• Available data:
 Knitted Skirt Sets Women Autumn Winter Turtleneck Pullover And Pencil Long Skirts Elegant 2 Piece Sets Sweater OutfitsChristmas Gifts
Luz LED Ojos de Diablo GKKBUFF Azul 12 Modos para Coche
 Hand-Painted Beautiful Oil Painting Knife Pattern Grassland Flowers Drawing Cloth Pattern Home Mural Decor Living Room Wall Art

...

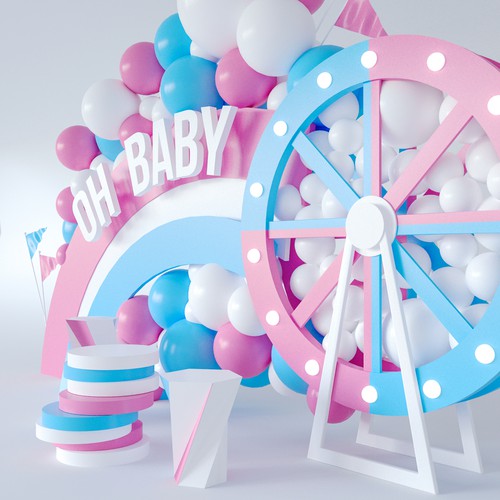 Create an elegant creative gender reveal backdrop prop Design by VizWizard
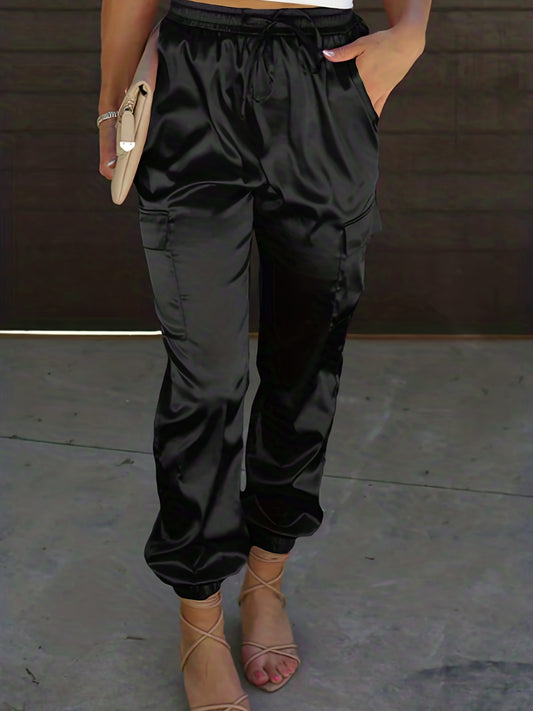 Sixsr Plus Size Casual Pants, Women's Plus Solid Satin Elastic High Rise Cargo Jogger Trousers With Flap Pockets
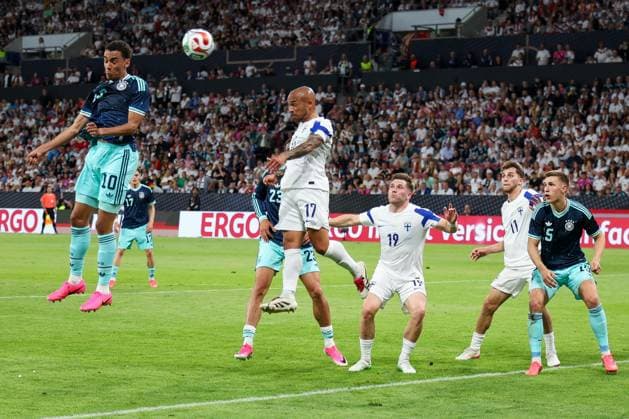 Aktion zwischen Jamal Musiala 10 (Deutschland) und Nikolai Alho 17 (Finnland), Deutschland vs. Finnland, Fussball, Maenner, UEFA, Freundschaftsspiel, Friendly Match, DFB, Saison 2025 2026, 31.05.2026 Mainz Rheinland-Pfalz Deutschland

• What you are asked to do:
Beginning at the line with "Luz LED Ojos" and ending at the line with "Hand-Painted Beautiful Oil", reproduce each line of the data above exactly, and add no other lines.

• Answer box:
Luz LED Ojos de Diablo GKKBUFF Azul 12 Modos para Coche
 Hand-Painted Beautiful Oil Painting Knife Pattern Grassland Flowers Drawing Cloth Pattern Home Mural Decor Living Room Wall Art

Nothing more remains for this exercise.